▶ [To do]:
Among the entries below, please repeat exactly and only the lines from the line containing "Arhaus Wyatt Outdoor Chaise" to the line containing "Me' Hoodie (V2)", both lines included.

Scraped caption text data
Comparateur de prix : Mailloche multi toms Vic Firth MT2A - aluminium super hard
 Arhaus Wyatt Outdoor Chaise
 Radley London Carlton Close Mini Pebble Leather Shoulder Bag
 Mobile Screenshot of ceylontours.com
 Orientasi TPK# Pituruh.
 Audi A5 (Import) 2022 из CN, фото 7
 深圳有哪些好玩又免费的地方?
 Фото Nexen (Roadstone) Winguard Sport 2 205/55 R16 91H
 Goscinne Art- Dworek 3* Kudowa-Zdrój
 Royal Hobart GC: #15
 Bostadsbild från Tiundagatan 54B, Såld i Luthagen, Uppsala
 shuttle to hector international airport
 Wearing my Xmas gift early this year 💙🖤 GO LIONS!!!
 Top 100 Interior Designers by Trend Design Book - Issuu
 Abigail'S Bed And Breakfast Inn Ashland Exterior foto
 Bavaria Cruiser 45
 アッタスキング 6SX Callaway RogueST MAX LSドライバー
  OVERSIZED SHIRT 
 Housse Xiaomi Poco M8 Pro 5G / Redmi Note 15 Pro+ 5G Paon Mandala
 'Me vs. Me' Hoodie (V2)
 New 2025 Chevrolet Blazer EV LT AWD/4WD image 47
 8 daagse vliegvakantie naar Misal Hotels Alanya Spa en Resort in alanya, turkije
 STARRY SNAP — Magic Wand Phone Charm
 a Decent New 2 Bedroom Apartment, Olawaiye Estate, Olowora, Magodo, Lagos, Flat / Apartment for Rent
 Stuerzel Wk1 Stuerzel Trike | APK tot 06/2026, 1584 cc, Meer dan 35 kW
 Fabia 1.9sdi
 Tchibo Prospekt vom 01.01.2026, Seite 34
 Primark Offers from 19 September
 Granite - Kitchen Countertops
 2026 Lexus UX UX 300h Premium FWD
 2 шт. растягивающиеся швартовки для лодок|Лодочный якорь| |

▶ [Solution for this problem]:
 Arhaus Wyatt Outdoor Chaise
 Radley London Carlton Close Mini Pebble Leather Shoulder Bag
 Mobile Screenshot of ceylontours.com
 Orientasi TPK# Pituruh.
 Audi A5 (Import) 2022 из CN, фото 7
 深圳有哪些好玩又免费的地方?
 Фото Nexen (Roadstone) Winguard Sport 2 205/55 R16 91H
 Goscinne Art- Dworek 3* Kudowa-Zdrój
 Royal Hobart GC: #15
 Bostadsbild från Tiundagatan 54B, Såld i Luthagen, Uppsala
 shuttle to hector international airport
 Wearing my Xmas gift early this year 💙🖤 GO LIONS!!!
 Top 100 Interior Designers by Trend Design Book - Issuu
 Abigail'S Bed And Breakfast Inn Ashland Exterior foto
 Bavaria Cruiser 45
 アッタスキング 6SX Callaway RogueST MAX LSドライバー
  OVERSIZED SHIRT 
 Housse Xiaomi Poco M8 Pro 5G / Redmi Note 15 Pro+ 5G Paon Mandala
 'Me vs. Me' Hoodie (V2)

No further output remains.